Yeah, that collector cover story Jeffrey had suggested to Connor contained some loopholes. But Hank was having too much fun these days. Having a spry but emotionally naïve deviant partner around was doing wonders for his health. The healthy lifestyle said deviant imposed on him had nothing to do with it at all. Nope.
Nasal locked the door and measured him with his shifty eyes. He glanced at Traci and Blair, glanced at Connor, then back at Hank. "Who told you about this place, old punk?"
"The Devon Bros. You might know how they are." Hank knew dogshits about any Devon. But if Traci told him to say that name, then who was he to argue?
"Urgh. The Devons." Nasal wrinkled his nose. "It's a miracle we haven't been arrested yet. Always yapping about this place to people they meet at sex clubs."

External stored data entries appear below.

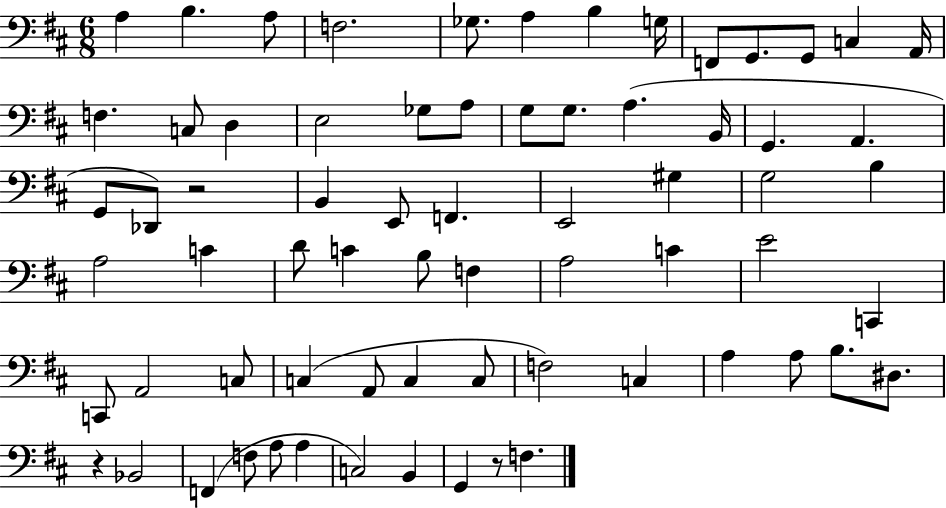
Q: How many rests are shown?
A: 3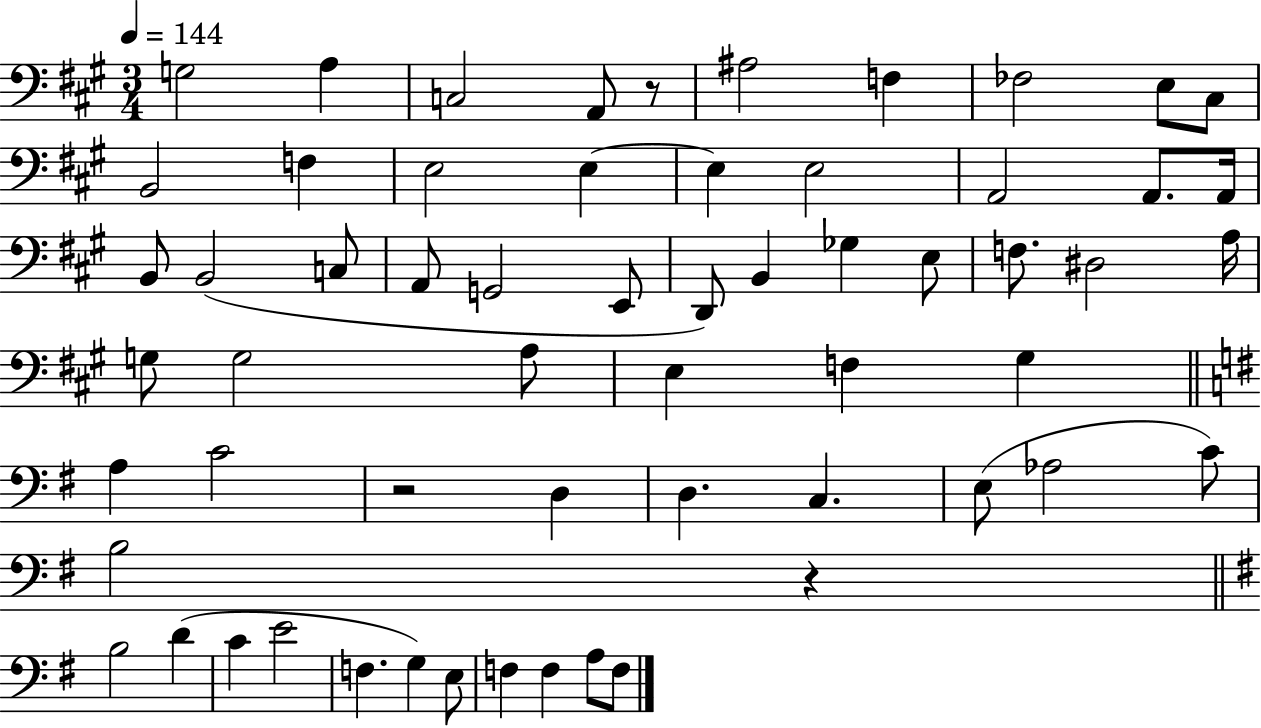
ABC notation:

X:1
T:Untitled
M:3/4
L:1/4
K:A
G,2 A, C,2 A,,/2 z/2 ^A,2 F, _F,2 E,/2 ^C,/2 B,,2 F, E,2 E, E, E,2 A,,2 A,,/2 A,,/4 B,,/2 B,,2 C,/2 A,,/2 G,,2 E,,/2 D,,/2 B,, _G, E,/2 F,/2 ^D,2 A,/4 G,/2 G,2 A,/2 E, F, ^G, A, C2 z2 D, D, C, E,/2 _A,2 C/2 B,2 z B,2 D C E2 F, G, E,/2 F, F, A,/2 F,/2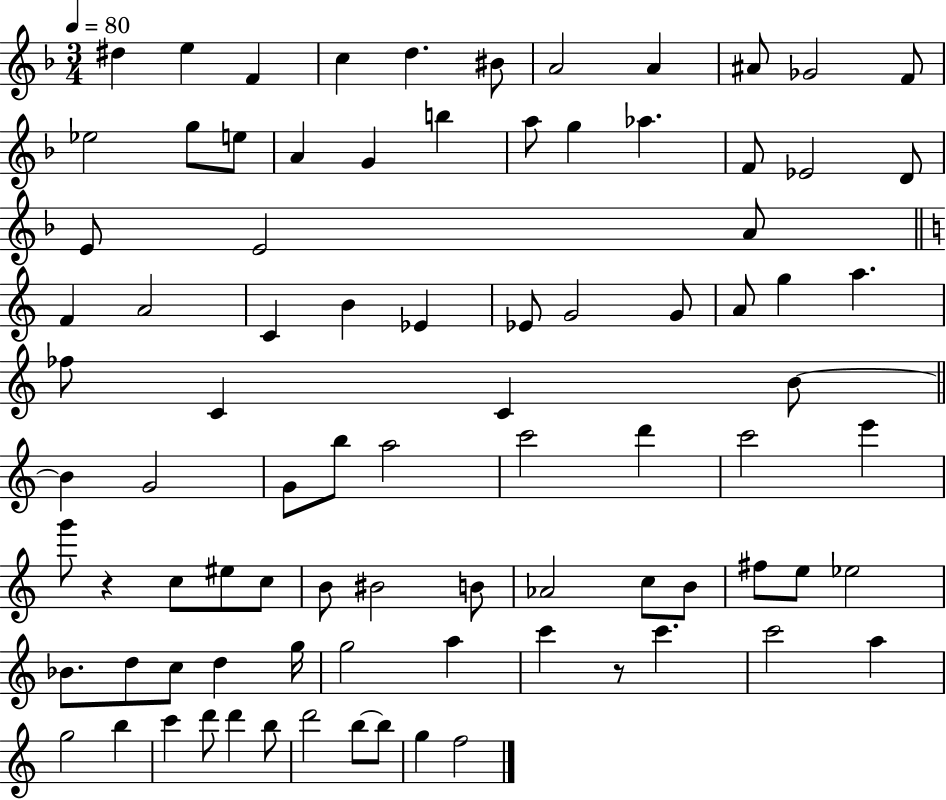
D#5/q E5/q F4/q C5/q D5/q. BIS4/e A4/h A4/q A#4/e Gb4/h F4/e Eb5/h G5/e E5/e A4/q G4/q B5/q A5/e G5/q Ab5/q. F4/e Eb4/h D4/e E4/e E4/h A4/e F4/q A4/h C4/q B4/q Eb4/q Eb4/e G4/h G4/e A4/e G5/q A5/q. FES5/e C4/q C4/q B4/e B4/q G4/h G4/e B5/e A5/h C6/h D6/q C6/h E6/q G6/e R/q C5/e EIS5/e C5/e B4/e BIS4/h B4/e Ab4/h C5/e B4/e F#5/e E5/e Eb5/h Bb4/e. D5/e C5/e D5/q G5/s G5/h A5/q C6/q R/e C6/q. C6/h A5/q G5/h B5/q C6/q D6/e D6/q B5/e D6/h B5/e B5/e G5/q F5/h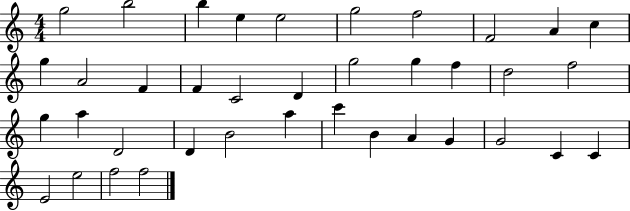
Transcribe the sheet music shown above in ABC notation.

X:1
T:Untitled
M:4/4
L:1/4
K:C
g2 b2 b e e2 g2 f2 F2 A c g A2 F F C2 D g2 g f d2 f2 g a D2 D B2 a c' B A G G2 C C E2 e2 f2 f2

Hank suffered another sizing up from the man before the topic of conversation turned to the androids. "Where're the girls' LEDs? They deviants? Because we can't have deviants, man."
"It makes the illusion that they're human believable." Hank gave the guy a wink after suppressing a shudder at what he just said.
Nasal made another disgusted face. "Dirty old man. And what about the male? Why's he got his still?"
They were saved from more questions when someone knocked on the doors again.
"Right," the guy said finally. "Go on straight then left and you'll enter a huge room. We call that the Labyrinth. You'll be checked for any possible affiliations. Your fighters will be registered and uploaded with our fighting program in case none of them are fighters yet. More will be explained there yada yada, shoo."
Hank ushered his companions to their destination. "Sorry about that," he apologized to the couple. "It might've made you feel uncomfortable."
And then in no time, they were there. Stepping into the capacious mouth of hell itself. Flickering yellowish lights punctured the dimly lit space before them. The gasoline smell of blue blood in the cold air.
Cages crowded with collared androids lined the walls on all sides. People were huddled around large lexan enclosures equally distanced from the middle, passing money around, cheering for those they betted on. From the center of the dome-shaped iron ceiling hung four large screens featuring four of the eight matches going on at once: a black male thrashing around another black male, a brown female slicing the head off of her Japanese-looking male challenger using the chainsaw attached to her arm, a white male delivering a spinning kick to the wide nose of a dark-skinned android, and two female children (with an Afro and a bald head respectively) swatting at each other with sticks.
"Connor, Traci, Blair," said Hank, who wasn't impressed at all with the match-ups and with some of his fellow countrymen by extension. Rallies calling for the prohibition of producing androids of color came to mind. "We're gonna bring this place down. Hank Hardwood is in the house."